TASK REQUIREMENTS: What you return must be the full data, repeated verbatim, with no pictures in it.

-*-*-

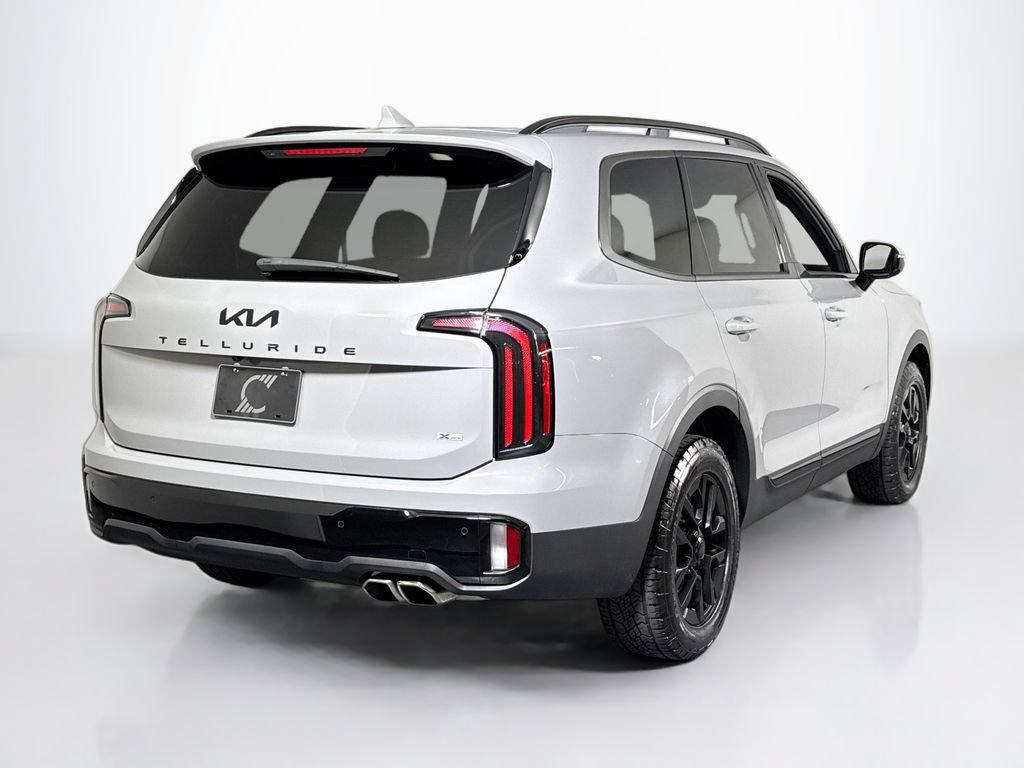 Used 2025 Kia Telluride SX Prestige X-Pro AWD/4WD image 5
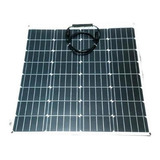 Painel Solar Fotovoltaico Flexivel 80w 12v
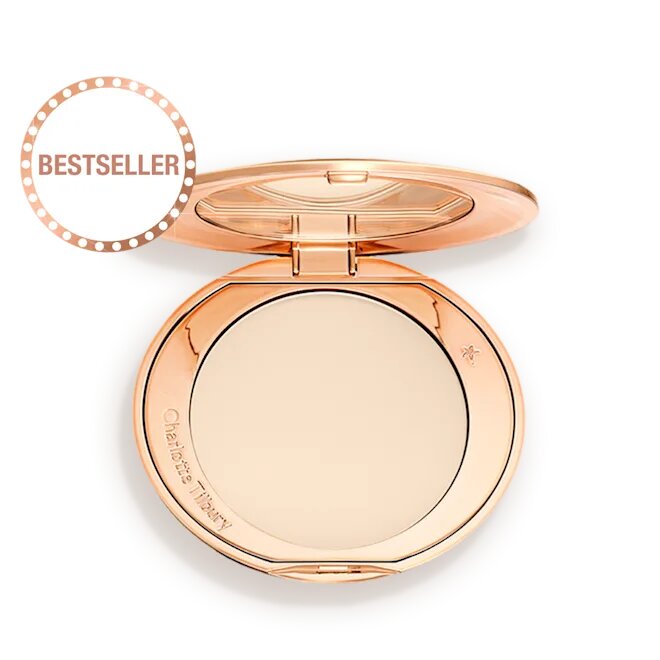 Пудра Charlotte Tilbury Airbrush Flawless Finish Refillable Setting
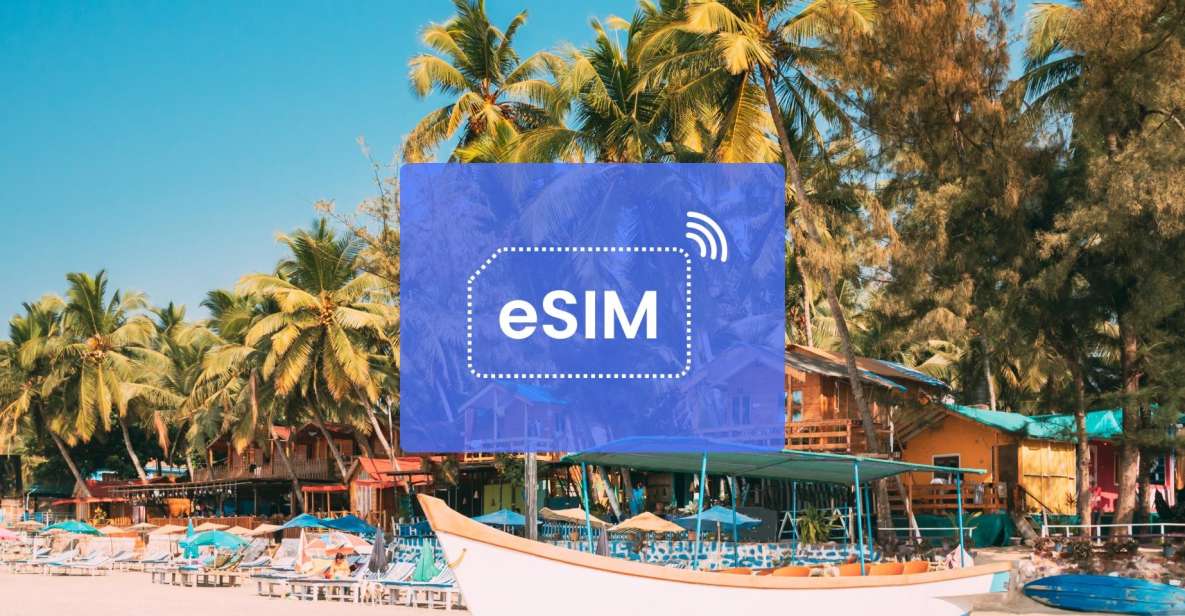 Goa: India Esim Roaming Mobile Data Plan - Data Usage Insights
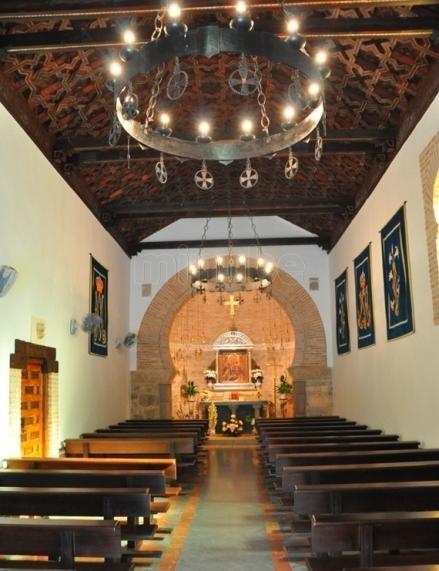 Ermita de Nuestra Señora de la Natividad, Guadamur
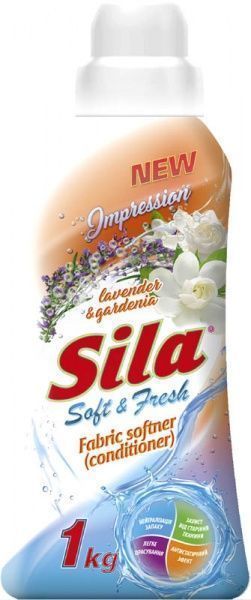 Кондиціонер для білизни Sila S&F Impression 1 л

-*-*-

WRITTEN REPLY:
 Used 2025 Kia Telluride SX Prestige X-Pro AWD/4WD image 5
 Painel Solar Fotovoltaico Flexivel 80w 12v
 Пудра Charlotte Tilbury Airbrush Flawless Finish Refillable Setting
 Goa: India Esim Roaming Mobile Data Plan - Data Usage Insights
 Ermita de Nuestra Señora de la Natividad, Guadamur
 Кондиціонер для білизни Sila S&F Impression 1 л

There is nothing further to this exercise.